▸ **Activity**
Using the entries below, write out the line with "Szczegółowe widoki posągu", the line with "Colorful folk art", and every line in between, exactly as each is written.
┌─ Data records
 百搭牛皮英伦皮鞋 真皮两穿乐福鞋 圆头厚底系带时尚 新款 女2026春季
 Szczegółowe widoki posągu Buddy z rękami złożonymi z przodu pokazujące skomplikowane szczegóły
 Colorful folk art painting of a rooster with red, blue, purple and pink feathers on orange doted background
└─
┌─ Data records
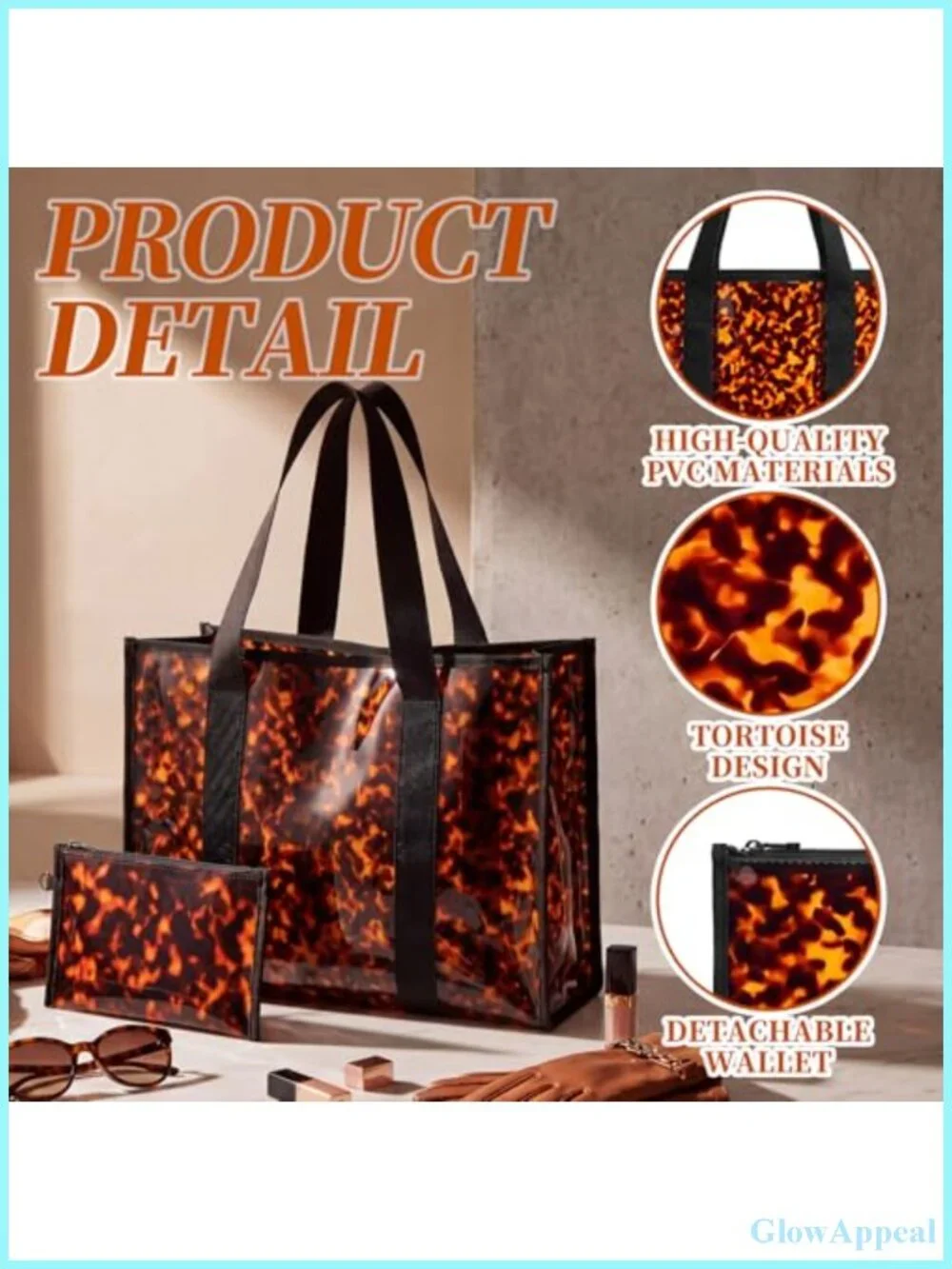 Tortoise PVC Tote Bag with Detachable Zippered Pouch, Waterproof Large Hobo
└─
▸ **Answer space**
 Szczegółowe widoki posągu Buddy z rękami złożonymi z przodu pokazujące skomplikowane szczegóły
 Colorful folk art painting of a rooster with red, blue, purple and pink feathers on orange doted background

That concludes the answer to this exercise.